Growing up with lots of hungry men in my family (I have once witnessed my brother in-law devour 22 mini new potatoes in one sitting) I have had to endure the presence of the new potato on the table most of my life. Sitting on the table with all the self righteousness of Amanda Holden on the Britain's got Talent panel. We know they have to be there, but come on, what do they honestly know about entertainment?
The only new potatoes that I ever enjoyed were from the "potato man" in Blackburn town centre where I grew up as a young girl.
Whereas now young children will be able to gorge themselves on polyfilla bread and mechanically chopped chicken burgers for 99p at our larger conglomerates, we were fed a bags of buttery new potatoes for 20p no less. Now I love the 20p coin all day everyday for it's whimsical little shape and ability to buy small chocolate bars like fudge and Taz, but seriously, apart from minuscule advent calendar chocolate, what can you buy these days for 20p?
You were handed a small white paper bag brimming with warm nutty potatoes shimmering like amber birthstones. The bag had soaked through and become almost translucent by the time you had exchanged your silver for them and your hands had become a mixture of hot grease and lost skin.
Walking the streets munching through your sweetie bag of complex carbs, you could see other kids happily slurping on their potato skins.
I noticed about 4 years ago, a pseudo potato man had returned to the very same spot only to be bombarded by swarms of 20 and 30 somethings who had been indeed raised on the nutty potatoes.
Having the company of two of the said hungry men last week, I needed to think of ways to make the new potato friendly to eat for the ladies.

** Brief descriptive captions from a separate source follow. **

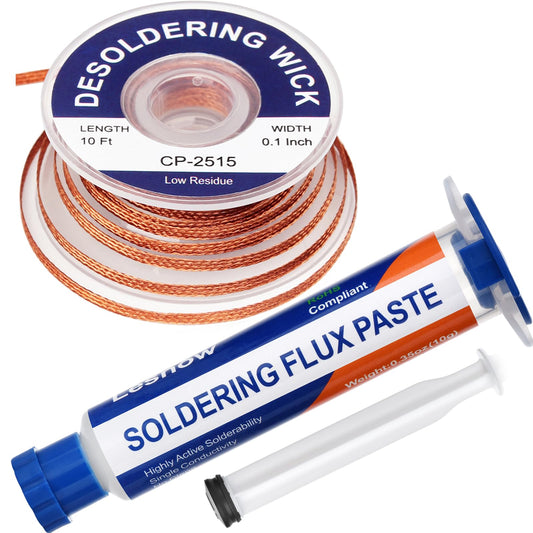 Lesnow Solder Flux Paste And Solder Wick Braid, No Clean Soldering Flux(10cc) Soldering Remover Tool, 10ft Desoldering Wick Braid For Electronics Repair For Disassemble Electrical Components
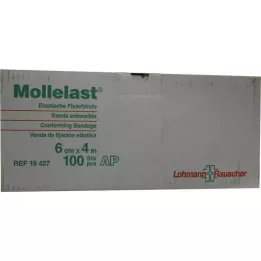 MOLLELAST Ligaduras 6 cmx4 m brancas soltas, 100 unidades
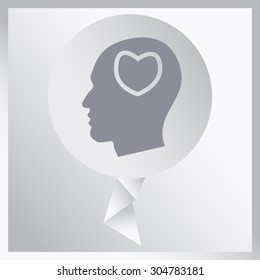 Human profile with heart vector icon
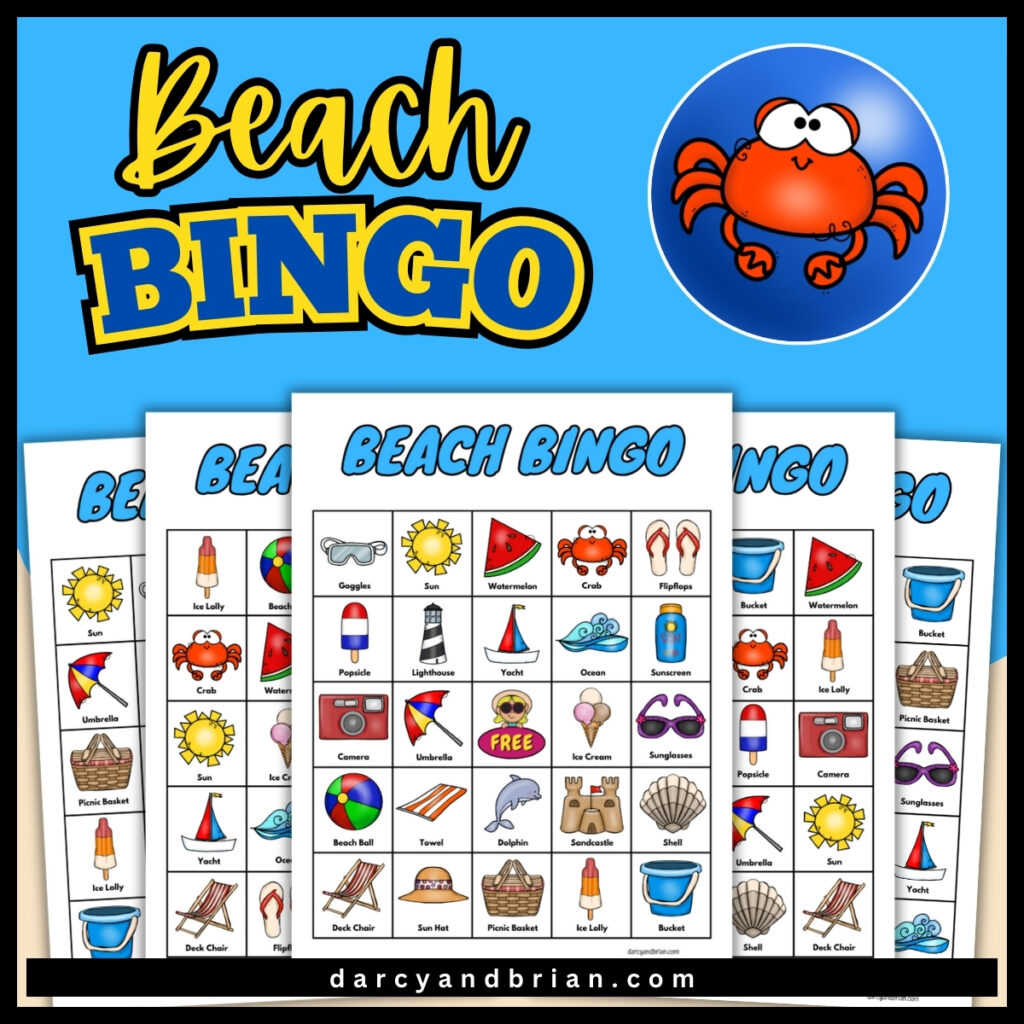 Preschool bingo game with printable cards and colorful beach related images.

Mounds of salt and even more salty lurpak usually suffices. However, I am in love with the lemon at the moment and all it's acidic and potent Mediterranean glory.
I call them...well lemony potatoes......?
I have a perfect recipe which involves par boiling the new potatoes in salted water which have been cut in half.
Place in a roasting tin and roll them in extra virgin oil and rock salt. The oil must coat each potato. Use the fine side of the grater (not the one that mushes all the cheese up and you can never figure out a purpose to use it) to grate the zest of one large lemon and bung in. Use the whole juice to coat the potatoes too. Finely grate or crush 2 cloves of garlic and chuck in. Use your hands to give the potatoes a lovely juicy bath of gorgeousness.
Place in a pre heated oven at gas mark 5 for 30-40 minutes until extra crispy.
Serve in a small paper bag or with a meal if needs be.